In fact the demands for an apology are the least worrisome of what the Muslims are doing. Some have actually engaged in violent protest, attacking Christian churches and even killing an elderly nun. One cleric has gone on to issue a fatwah against the pope, urging that he be killed.
The threats of more violence cannot be ignored. The Italian government has tightened security around the Vatican and in Rome itself. Yet, aside from bland statements by the Vatican or some tepid analysis from sources interviewed by network television, not a peep is heard.
What immediately comes to mind are two things. Either Catholics are not saying anything because they in fact believe the pope erred in making those remarks, or they secretly fear Muslim reprisals, a fear that grows more valid everyday in this terror-threatened world.
There is a third thing. It is possible Catholics are keeping mum to needle the Muslims by pretending to ignore the whole thing. But I do not think this is so. Being adherents to the more tolerant religion, Catholics are necessarily fractious, difficult to shepherd in one direction.
Even if Catholics had wanted to needle the Muslims by remaining oblivious to the furor generated by the offensive papal remarks, the ploy would have collapsed from lack of cohesion.
This third thing that comes to mind is just not possible.
So back to the previous two.
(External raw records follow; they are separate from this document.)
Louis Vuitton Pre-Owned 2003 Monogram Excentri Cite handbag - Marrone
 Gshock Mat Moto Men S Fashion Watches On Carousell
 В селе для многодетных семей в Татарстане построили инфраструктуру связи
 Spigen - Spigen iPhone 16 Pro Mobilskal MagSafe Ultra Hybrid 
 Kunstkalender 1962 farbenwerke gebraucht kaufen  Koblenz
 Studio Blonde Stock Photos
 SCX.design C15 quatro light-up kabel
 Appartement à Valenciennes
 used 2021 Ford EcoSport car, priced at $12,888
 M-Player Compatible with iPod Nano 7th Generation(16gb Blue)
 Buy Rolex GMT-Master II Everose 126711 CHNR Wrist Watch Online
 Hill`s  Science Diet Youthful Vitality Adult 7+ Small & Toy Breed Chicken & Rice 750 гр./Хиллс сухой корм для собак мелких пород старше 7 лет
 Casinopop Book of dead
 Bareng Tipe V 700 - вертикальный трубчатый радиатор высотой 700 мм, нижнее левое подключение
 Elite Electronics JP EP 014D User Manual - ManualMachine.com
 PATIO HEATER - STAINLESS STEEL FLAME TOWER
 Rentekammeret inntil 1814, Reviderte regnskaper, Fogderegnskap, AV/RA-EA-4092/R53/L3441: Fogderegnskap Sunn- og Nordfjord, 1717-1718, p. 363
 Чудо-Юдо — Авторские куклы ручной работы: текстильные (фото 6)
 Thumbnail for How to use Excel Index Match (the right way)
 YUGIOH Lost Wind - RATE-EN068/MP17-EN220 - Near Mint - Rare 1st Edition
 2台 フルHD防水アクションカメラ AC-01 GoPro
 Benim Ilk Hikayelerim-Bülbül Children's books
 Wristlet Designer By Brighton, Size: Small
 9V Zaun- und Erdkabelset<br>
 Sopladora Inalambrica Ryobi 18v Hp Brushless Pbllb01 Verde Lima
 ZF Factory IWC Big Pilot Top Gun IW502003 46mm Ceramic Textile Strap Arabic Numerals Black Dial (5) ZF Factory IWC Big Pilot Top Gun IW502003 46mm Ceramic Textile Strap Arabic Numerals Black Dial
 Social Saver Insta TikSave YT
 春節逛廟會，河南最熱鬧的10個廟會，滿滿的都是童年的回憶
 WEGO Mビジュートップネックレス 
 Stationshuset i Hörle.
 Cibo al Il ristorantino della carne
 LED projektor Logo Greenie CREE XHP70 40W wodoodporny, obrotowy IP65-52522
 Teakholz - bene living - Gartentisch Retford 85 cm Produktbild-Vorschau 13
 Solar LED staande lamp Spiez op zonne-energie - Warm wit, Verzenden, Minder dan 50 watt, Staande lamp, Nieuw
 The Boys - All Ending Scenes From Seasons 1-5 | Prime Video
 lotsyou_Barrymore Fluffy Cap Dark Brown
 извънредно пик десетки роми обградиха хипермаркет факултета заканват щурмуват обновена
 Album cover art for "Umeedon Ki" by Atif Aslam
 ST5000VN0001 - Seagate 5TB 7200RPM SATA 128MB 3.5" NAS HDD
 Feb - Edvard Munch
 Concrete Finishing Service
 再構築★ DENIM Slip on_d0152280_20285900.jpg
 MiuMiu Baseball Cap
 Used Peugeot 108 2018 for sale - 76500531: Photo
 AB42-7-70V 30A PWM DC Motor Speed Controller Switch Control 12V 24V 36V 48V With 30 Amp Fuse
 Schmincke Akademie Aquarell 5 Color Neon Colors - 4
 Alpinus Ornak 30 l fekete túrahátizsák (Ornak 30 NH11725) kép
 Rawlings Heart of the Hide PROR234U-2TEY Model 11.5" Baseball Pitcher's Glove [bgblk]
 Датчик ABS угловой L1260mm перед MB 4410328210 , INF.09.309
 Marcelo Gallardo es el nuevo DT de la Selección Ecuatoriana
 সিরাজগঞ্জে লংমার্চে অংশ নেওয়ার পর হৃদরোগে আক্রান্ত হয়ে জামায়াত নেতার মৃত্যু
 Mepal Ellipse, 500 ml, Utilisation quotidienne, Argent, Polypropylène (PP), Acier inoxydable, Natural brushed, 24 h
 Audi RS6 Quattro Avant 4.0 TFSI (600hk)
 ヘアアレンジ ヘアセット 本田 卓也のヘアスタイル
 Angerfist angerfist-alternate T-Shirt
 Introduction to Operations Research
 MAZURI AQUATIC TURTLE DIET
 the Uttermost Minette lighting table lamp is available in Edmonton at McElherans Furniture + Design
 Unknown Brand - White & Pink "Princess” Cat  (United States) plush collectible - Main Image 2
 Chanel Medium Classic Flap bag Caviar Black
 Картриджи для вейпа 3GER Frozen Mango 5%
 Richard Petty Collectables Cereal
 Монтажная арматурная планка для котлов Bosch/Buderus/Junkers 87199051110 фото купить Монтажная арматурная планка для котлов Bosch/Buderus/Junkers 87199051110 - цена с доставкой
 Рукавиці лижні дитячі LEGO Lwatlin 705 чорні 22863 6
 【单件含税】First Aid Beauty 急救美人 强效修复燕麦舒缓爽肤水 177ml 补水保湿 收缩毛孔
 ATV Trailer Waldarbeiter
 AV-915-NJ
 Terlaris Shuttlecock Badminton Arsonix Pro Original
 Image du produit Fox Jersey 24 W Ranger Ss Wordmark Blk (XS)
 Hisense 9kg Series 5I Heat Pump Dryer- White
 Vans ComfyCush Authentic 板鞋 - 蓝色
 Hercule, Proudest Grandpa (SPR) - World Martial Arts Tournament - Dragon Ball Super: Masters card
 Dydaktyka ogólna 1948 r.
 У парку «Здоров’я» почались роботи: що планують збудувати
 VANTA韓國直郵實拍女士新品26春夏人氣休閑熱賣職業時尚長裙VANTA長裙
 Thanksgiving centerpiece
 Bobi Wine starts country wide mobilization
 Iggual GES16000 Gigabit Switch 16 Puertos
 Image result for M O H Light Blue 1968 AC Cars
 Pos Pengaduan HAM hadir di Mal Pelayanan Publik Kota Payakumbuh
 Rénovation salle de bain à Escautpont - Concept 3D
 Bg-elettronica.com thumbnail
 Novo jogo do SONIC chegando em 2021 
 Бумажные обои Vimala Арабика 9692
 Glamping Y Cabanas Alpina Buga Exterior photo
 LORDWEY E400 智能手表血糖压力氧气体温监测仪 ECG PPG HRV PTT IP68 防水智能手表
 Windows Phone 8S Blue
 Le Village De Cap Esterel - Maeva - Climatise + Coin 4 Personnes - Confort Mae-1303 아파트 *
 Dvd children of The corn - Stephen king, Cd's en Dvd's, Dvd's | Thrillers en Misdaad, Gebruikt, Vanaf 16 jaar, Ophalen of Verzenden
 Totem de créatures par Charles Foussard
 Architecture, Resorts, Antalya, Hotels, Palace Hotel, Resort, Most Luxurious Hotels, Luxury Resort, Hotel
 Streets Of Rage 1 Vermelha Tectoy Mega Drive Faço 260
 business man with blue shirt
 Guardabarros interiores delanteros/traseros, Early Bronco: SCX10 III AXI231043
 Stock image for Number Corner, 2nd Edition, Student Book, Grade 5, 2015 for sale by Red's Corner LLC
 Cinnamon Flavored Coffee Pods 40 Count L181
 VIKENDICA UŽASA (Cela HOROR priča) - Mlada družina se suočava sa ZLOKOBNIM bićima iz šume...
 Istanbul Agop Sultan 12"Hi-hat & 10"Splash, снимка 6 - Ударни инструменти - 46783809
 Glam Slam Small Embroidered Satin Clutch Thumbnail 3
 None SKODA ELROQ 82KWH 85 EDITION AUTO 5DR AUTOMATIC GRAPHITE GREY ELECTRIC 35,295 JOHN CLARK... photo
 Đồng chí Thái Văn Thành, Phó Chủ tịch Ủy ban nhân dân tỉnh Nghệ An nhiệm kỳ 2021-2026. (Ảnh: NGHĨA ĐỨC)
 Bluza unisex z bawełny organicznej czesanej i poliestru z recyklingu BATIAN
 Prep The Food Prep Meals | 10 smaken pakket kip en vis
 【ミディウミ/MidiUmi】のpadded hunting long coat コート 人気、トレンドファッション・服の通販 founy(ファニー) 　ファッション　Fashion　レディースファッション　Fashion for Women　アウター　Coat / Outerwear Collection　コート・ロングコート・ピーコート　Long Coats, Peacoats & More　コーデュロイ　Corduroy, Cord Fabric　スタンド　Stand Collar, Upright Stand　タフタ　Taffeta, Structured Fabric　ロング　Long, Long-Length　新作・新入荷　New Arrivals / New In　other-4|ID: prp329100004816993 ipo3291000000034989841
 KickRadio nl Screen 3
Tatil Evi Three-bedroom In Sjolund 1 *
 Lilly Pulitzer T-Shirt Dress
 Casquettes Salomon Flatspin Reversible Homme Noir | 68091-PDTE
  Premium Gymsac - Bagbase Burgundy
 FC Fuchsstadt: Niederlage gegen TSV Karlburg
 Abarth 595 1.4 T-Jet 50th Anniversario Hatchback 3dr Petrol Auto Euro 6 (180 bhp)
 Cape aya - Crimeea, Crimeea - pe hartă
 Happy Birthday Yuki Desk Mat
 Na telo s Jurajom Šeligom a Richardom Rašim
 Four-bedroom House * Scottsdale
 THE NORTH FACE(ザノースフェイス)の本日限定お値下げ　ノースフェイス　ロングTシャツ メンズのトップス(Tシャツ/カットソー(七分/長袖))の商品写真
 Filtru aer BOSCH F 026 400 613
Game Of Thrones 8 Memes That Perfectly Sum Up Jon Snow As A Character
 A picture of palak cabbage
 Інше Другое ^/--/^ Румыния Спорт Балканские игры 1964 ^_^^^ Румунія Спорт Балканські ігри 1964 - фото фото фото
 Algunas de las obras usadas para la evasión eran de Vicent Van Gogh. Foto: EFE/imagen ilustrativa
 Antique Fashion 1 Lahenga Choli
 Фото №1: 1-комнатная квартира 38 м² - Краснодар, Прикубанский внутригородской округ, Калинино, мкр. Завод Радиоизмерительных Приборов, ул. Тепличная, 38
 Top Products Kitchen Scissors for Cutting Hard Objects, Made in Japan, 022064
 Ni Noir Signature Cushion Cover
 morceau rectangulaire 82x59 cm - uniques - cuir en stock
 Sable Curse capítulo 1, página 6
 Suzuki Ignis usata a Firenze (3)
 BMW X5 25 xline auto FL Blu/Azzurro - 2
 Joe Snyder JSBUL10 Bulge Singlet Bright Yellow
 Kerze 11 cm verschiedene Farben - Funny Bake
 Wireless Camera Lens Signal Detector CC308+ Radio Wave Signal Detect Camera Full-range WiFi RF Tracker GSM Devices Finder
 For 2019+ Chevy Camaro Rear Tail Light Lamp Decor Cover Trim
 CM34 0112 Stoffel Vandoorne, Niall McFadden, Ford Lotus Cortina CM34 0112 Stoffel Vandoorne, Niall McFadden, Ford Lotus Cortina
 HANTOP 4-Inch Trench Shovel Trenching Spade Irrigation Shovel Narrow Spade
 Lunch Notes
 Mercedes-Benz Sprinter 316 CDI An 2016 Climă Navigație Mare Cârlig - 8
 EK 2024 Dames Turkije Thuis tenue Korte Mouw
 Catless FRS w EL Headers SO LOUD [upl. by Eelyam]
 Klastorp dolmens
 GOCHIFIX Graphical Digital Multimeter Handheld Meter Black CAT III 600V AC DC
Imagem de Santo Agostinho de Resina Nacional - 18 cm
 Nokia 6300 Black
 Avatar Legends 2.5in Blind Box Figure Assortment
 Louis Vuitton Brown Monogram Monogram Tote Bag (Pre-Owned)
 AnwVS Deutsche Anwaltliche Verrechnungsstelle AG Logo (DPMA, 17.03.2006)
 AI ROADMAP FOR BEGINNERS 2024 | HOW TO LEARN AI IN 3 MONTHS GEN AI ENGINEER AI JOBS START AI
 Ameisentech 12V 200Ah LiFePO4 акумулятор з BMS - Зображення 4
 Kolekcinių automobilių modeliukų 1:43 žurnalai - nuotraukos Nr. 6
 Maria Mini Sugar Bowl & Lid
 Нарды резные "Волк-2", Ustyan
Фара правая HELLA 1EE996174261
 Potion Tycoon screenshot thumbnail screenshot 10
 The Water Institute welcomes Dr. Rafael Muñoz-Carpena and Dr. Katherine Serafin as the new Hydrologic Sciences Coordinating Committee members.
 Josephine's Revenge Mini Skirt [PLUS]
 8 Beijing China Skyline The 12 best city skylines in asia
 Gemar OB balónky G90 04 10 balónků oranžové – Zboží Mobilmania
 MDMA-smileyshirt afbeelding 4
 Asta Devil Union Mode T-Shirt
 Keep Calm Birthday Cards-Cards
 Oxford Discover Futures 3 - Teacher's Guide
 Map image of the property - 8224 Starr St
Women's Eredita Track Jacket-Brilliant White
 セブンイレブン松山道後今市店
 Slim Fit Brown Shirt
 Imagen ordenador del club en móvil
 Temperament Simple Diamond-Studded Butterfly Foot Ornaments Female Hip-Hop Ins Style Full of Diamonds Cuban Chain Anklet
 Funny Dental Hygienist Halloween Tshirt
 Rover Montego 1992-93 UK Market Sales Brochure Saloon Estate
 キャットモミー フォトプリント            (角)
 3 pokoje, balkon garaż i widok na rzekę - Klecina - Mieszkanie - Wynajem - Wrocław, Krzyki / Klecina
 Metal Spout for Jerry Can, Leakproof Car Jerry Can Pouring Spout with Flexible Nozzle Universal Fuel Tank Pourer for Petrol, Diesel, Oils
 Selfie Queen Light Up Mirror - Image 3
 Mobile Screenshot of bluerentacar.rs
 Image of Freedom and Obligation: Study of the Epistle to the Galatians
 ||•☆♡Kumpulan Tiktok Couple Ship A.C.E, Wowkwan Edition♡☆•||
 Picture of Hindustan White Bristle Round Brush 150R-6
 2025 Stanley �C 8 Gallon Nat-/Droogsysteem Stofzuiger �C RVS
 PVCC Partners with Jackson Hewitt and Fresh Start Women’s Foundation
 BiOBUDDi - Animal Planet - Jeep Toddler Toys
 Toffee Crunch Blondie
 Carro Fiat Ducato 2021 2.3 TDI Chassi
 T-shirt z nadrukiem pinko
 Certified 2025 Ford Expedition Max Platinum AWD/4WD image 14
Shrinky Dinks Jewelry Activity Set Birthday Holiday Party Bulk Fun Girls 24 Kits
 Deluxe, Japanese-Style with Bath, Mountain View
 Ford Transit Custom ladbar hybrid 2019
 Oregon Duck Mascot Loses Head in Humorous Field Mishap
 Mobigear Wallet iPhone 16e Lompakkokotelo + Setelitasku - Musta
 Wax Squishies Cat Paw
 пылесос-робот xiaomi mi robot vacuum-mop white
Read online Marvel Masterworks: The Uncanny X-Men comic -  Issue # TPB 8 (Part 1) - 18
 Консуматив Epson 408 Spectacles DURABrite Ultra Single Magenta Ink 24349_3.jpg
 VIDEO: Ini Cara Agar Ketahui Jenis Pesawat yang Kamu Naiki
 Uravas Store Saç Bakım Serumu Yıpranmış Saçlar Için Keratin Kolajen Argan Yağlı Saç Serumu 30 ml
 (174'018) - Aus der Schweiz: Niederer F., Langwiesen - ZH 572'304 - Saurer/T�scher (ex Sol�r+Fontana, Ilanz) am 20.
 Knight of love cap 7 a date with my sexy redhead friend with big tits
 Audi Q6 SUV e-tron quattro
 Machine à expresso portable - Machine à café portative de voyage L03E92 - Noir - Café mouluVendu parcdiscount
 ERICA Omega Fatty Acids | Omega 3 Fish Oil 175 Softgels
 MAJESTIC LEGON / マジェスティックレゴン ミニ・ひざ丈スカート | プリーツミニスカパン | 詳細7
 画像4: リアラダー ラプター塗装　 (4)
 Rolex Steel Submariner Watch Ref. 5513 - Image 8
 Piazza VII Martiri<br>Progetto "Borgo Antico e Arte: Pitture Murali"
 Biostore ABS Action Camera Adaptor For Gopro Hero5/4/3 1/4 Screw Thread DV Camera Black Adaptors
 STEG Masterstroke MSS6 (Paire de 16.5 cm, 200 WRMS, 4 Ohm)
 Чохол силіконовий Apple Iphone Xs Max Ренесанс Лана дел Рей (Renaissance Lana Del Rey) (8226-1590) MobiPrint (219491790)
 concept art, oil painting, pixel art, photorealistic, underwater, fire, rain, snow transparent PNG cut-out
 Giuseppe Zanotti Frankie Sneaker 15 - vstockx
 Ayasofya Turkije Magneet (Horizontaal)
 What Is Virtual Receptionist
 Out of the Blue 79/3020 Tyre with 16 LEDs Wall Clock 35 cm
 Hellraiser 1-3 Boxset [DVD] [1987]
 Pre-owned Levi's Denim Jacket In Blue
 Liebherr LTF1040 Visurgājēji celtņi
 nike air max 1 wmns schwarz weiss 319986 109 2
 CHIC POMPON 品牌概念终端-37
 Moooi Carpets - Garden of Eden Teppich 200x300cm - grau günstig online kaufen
Of the two, I am more inclined to go for the former. The latter, about Catholics secretly fearing Muslims, just does not add up in a world where actual conflicts are taking place, even if no one has been straightforward enough to admit real causes.
The former, which is that Catholics believe the pope had erred despite the belief in his infallibility, has more strength in reason and probability. The pope may not have intended to offend Muslim sensibilities. But for Christ's sake, he should have looked before he leaped.
I do not believe that a person thrust into such a high position of sensitive authority should not at least try to consider all possible scenarios that could materialize as a direct consequence of every word he utters.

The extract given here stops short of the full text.